▶ _ABOUT THIS TASK_:
Every line from the one with "1944 Country Club" through the end of the entries below should be written out exactly; the pictures should not.
*** Opening DATA ***
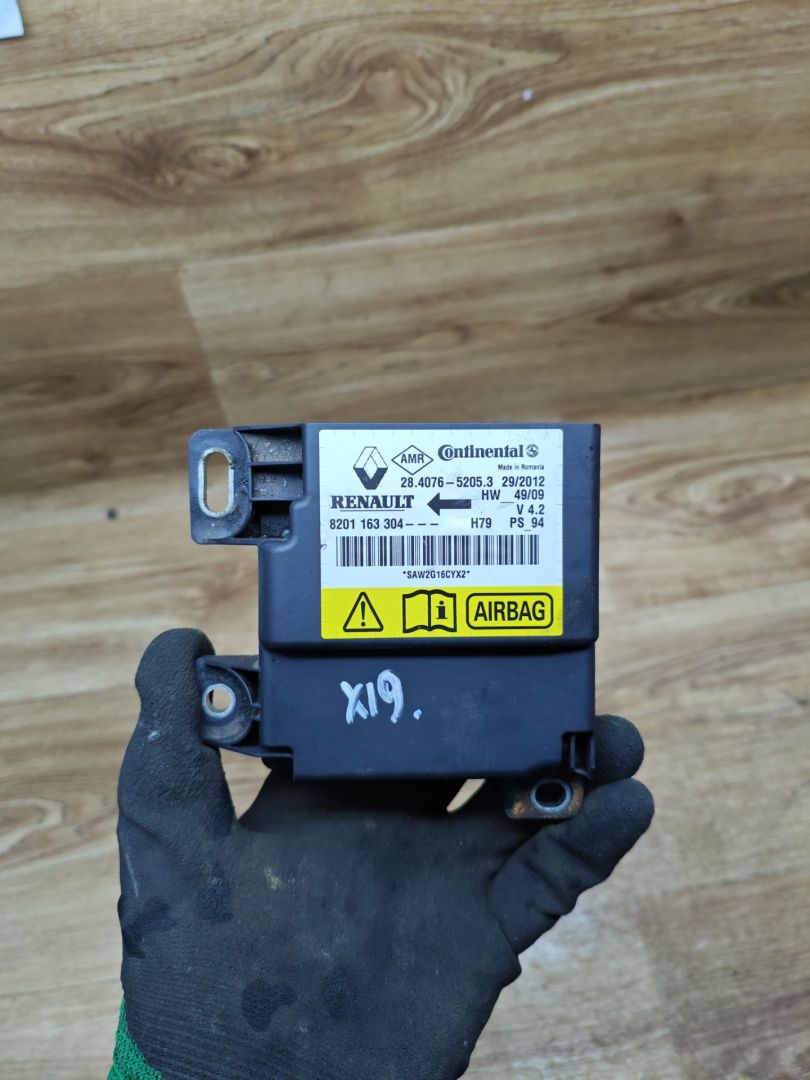 блок AirBag Renault Duster 1 поколение 2012, 2.0 л., F4R 403, бензин, АКПП, внедорожник 5 дв., передний привод, 8201163304 - фото №1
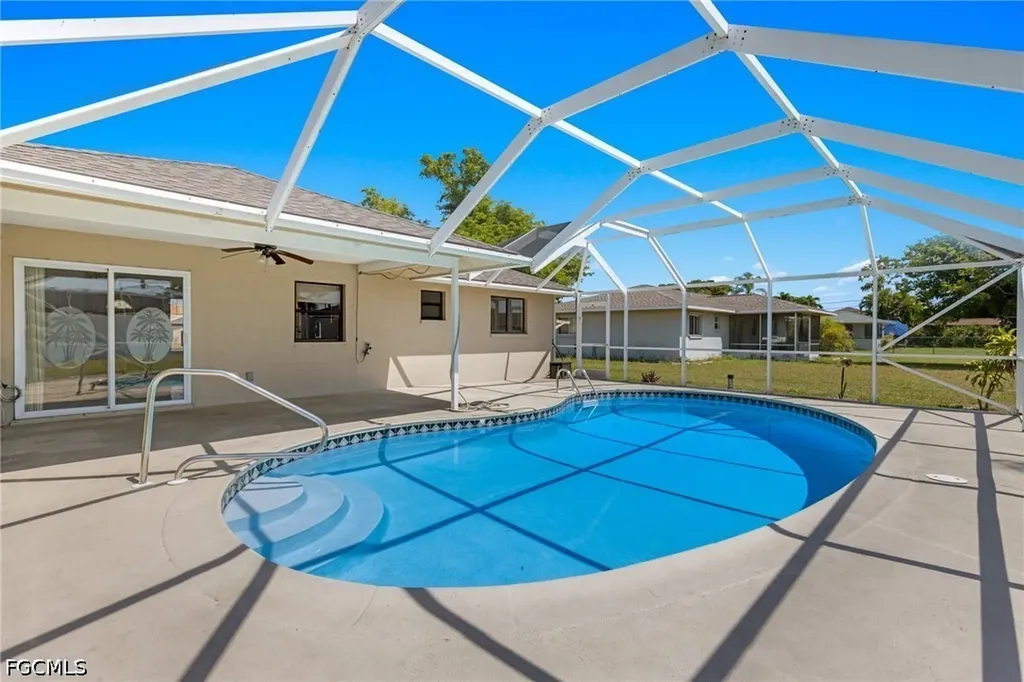 1944 Country Club Boulevard Cape Coral FL 33990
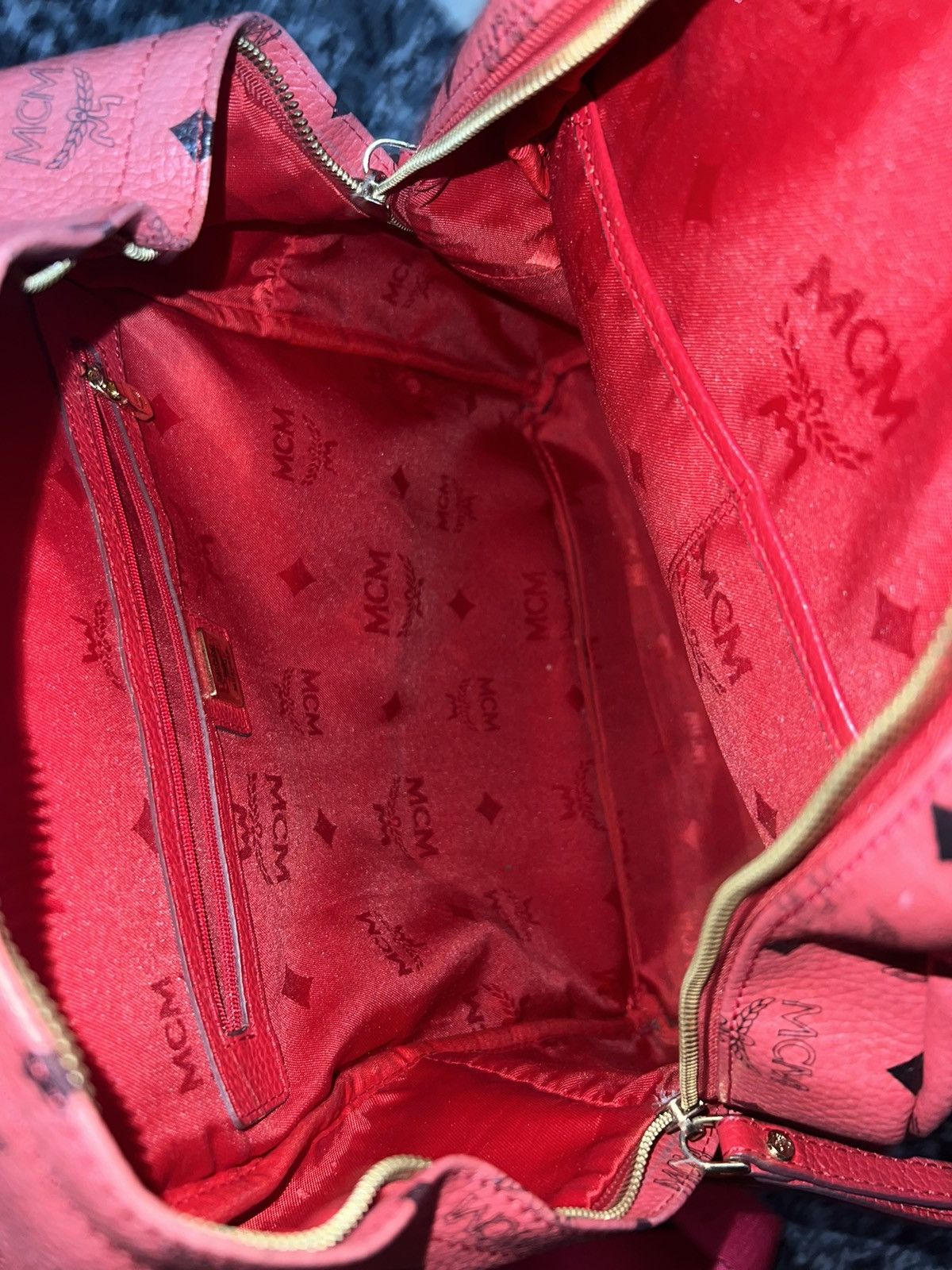MCM Stark レッド バックパック 関税込 Red and white mcm bag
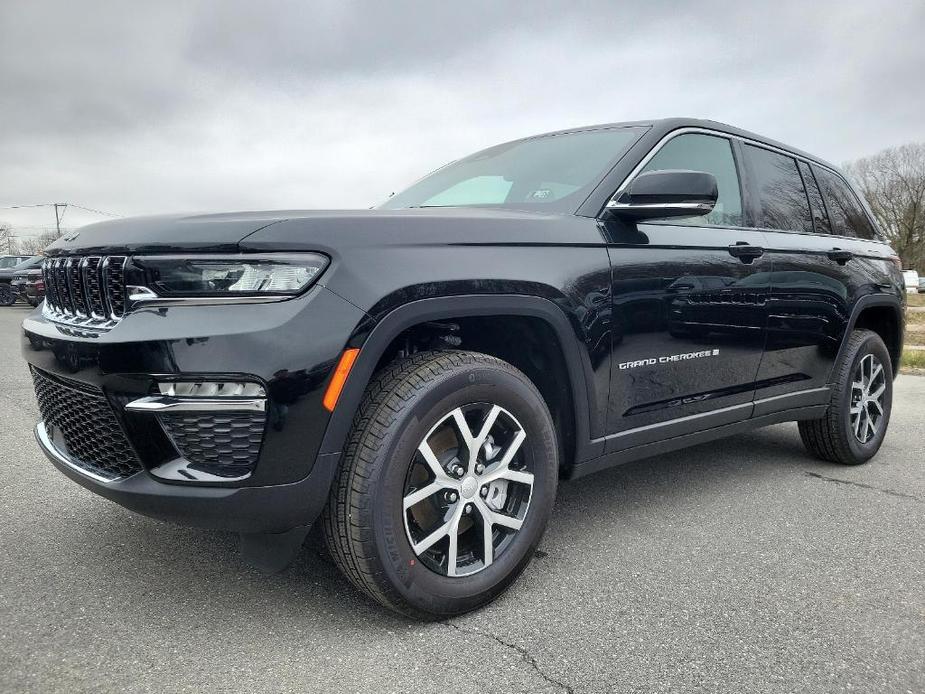 new 2024 Jeep Grand Cherokee car, priced at $51,171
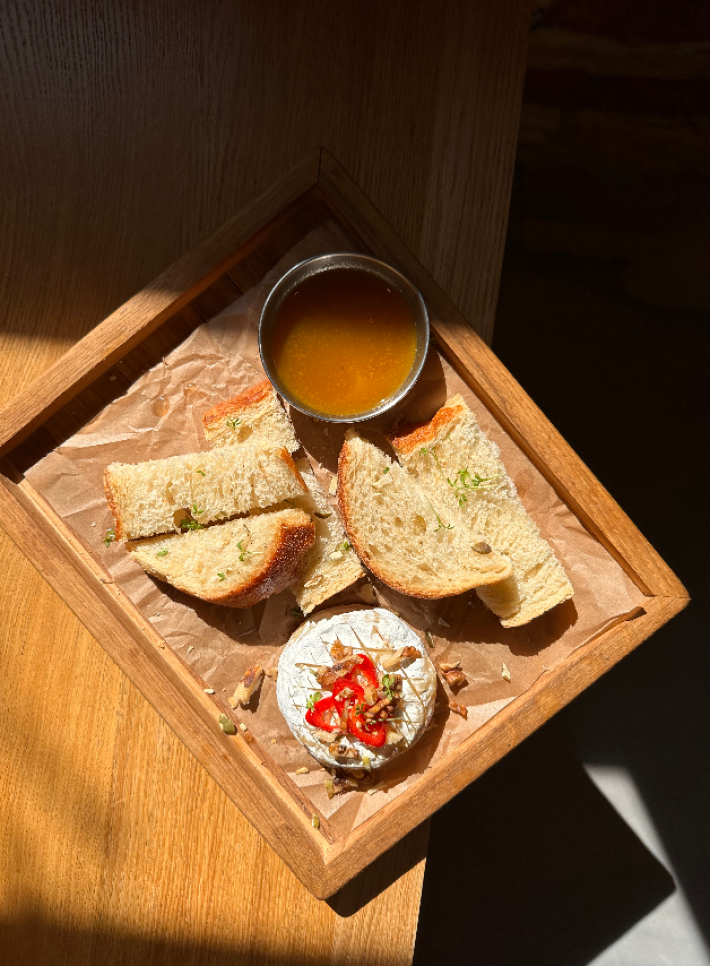 Запеченный камамбер с облепиховым соусом и грецким орехом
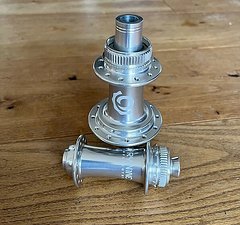 Industry Nine Torch Road / Gravel Silber 24h 12x100 / 12x142 HG oder XD-R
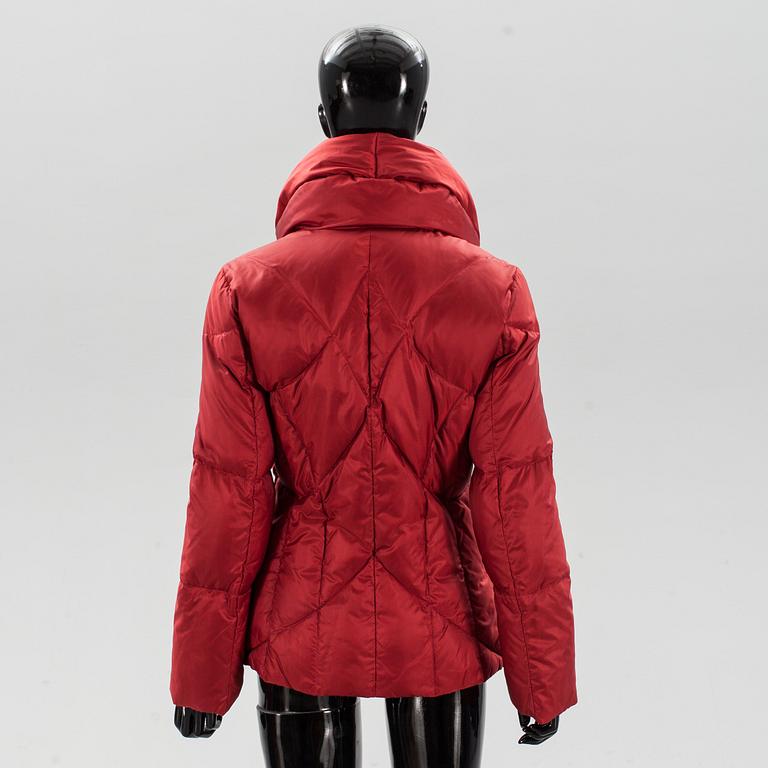 JACKA, Max Mara.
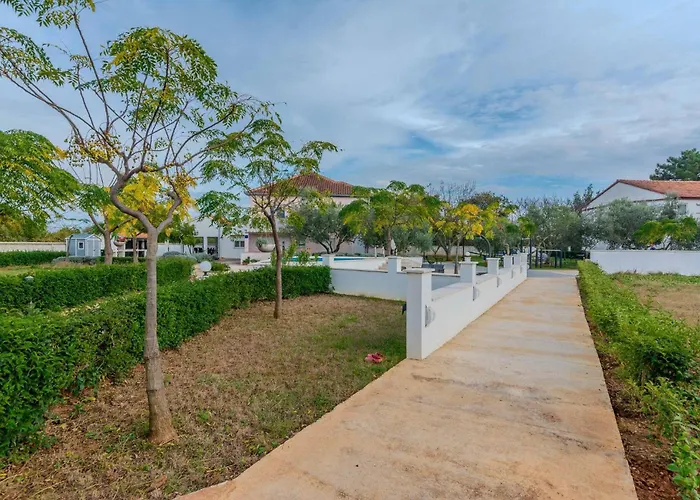 Lägenhet Lovely In With Wifi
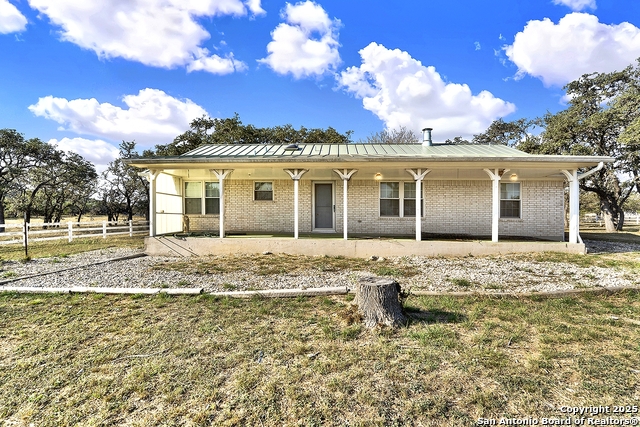 Image 12 of 51 For 16103 State Highway 16 N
*** Closing DATA ***
▶ _RESULT_:
 1944 Country Club Boulevard Cape Coral FL 33990
MCM Stark レッド バックパック 関税込 Red and white mcm bag
 new 2024 Jeep Grand Cherokee car, priced at $51,171
 Запеченный камамбер с облепиховым соусом и грецким орехом
 Industry Nine Torch Road / Gravel Silber 24h 12x100 / 12x142 HG oder XD-R
 JACKA, Max Mara.
 Lägenhet Lovely In With Wifi
 Image 12 of 51 For 16103 State Highway 16 N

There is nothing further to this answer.